I had to look it up and watch a couple instructional videos before I was sure that it was something that both B. and I, neither of whom can move about with any degree of alacrity any more, could physically do. Most of the instructions bogged down in details of the scoring and turn-taking rules, but I figured others could worry about that and tell us whose turn it was.
The playing itself was very simple, and I described it to B. as like the accuracy round of Golfimbul as we play it at Mythcon, except instead of hitting a doll's head with a bat at a stuffed bunny, with your hand you set a ball rolling along the ground at another ball.
The target is a small metal ball whose name I picked up as Il postino or some Italian movie title like that,1 except it was easier to think of it as the Golden Snitch. The balls you roll at it are bigger and heavy and made of ceramic I think, about the size of croquet balls, not that I have any memories of croquet less than half a century old.
Whoever comes closest to the Snitch wins, and an annoying number of our games (we played in teams of two) began with one of the opposing players rolling a single lucky ball that nestled up right by the Snitch, and the rest of the game consisted of an exercise in finding out how many other balls they would win by.
The game is played on a long court, maybe 10-15 yards in length, and while it's not slippery to walk on, it's almost frictionless as far as the balls are concerned, and most of my early rolls went right up against the backboard.
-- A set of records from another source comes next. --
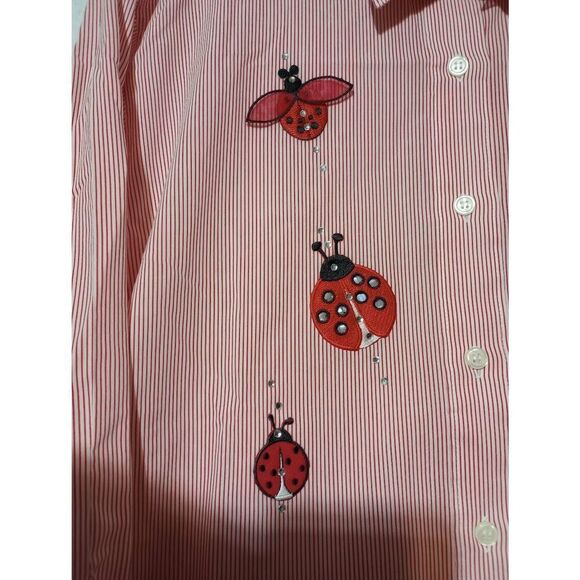 Las Olas Shirt Ladies Small Ladybug Button Front Long Sleeve - Picture 4 of 8
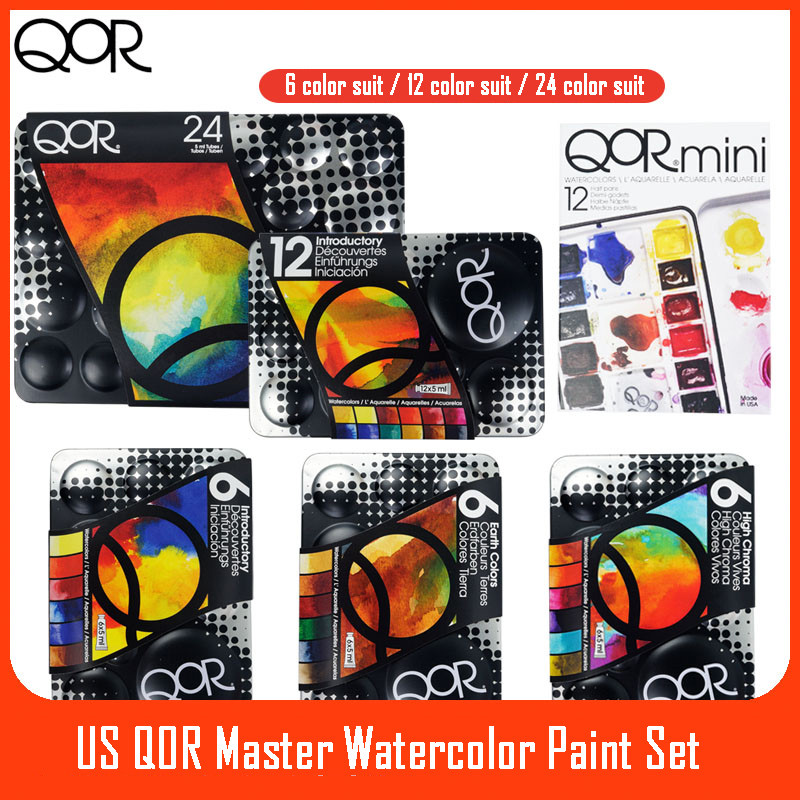 

QOR Artistic Watercolor Paints Set Tin box Pigment Solid Paint Set Palette High Concentration for Artist Painting Drawing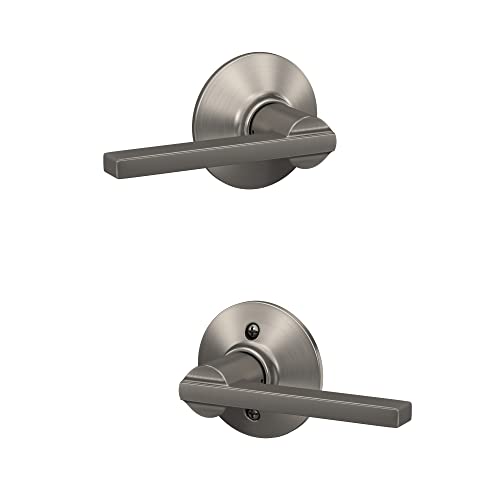 Schlage F10 V LAT 619 Latitude Door Lever, Hall & Closet Passage Lock, Satin Nickel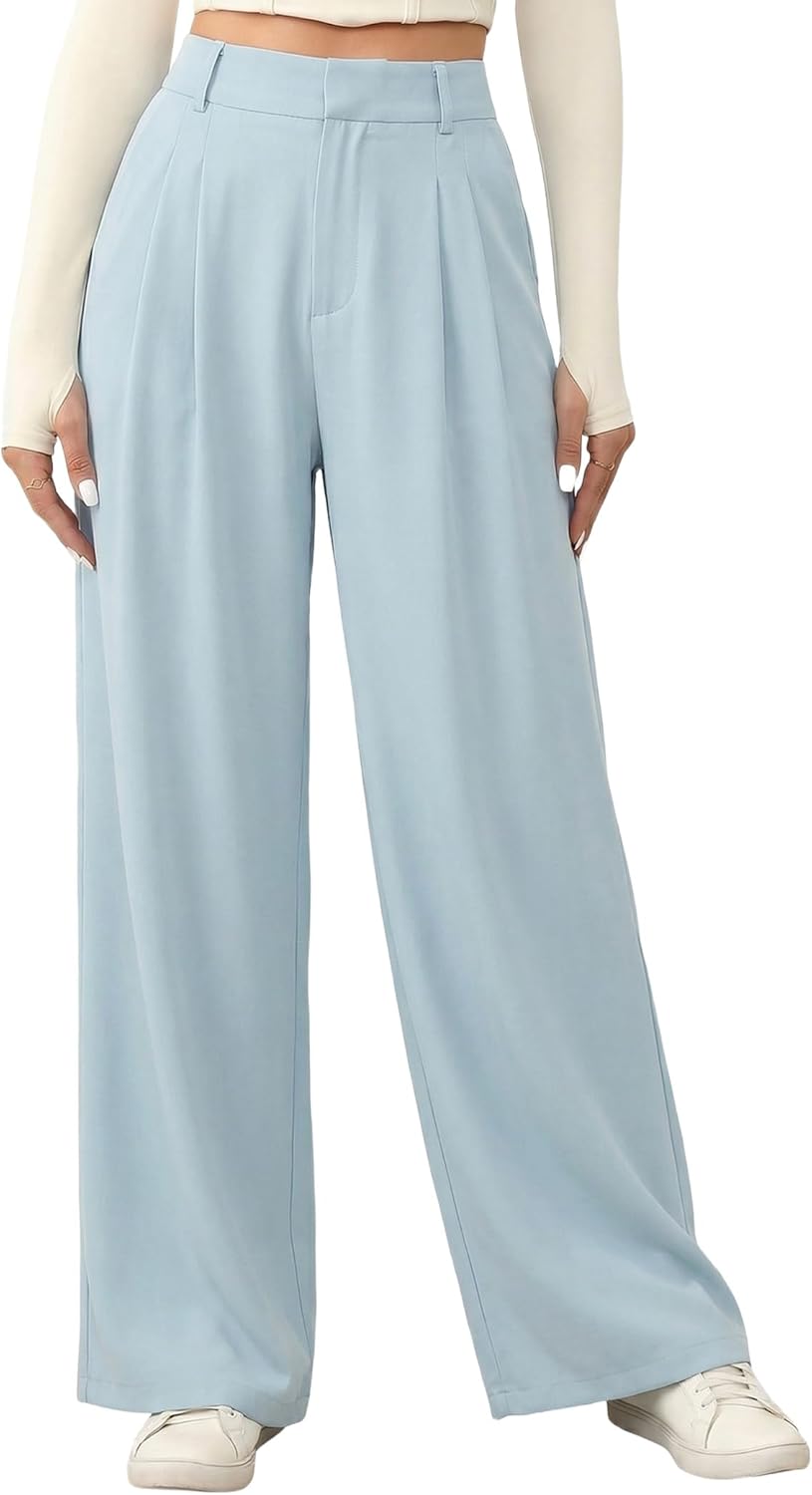 Women High Waisted Pants Wide Straight Leg Office Trousers Loose Fit Dressy Casual 2026 Summer Slacks with Pockets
I never quite got to the point of transferring to this hand movement my halfway-decent abilities at cue-striking on the much smaller field of billiards, because it turns out that the best action in bocce ball comes when you hit one of the balls that's already there and knock it out of the way.
The billiards master among our party turned out to be my niece Beth2, who was ruthless and skilled at hitting just about anything.
Meantime, as we were gently exercising on our reserved courts, the proprietors, who remember are also an Italian restaurant, were plying our party of 14 with enormous quantities of appetizers: fried calamari, crab cakes, bread, and cheese pizza, set out on the adjacent counter. The drinks menu included a lot of items like lemonade or ginger beer mixed with vodka, so they taste like the other thing but are firmly alcoholic.
When our time was up, we moved to an adjacent picnic table inside this cavernous space and dined on the contents of large serving platters passed around: pasta with meat marinara sauce, pasta with alfredo sauce, chicken milanese, and beef marsala. Basic Italian food, but quite good, and, most importantly, efficiently served. They got 5 stars on my Yelp review for that.
An interesting and unusual way for us to spend a birthday party.
1. It's actually il pallino, which I only mention to prevent people from telling me that. I could look it up, you know, and I did. It's just funnier to record how I got it wrong.
2. Beth is related to me exactly in the same way as Elizabeth Longford was related to Lord Dunsany. I'm her husband's mother's sister's husband, got it?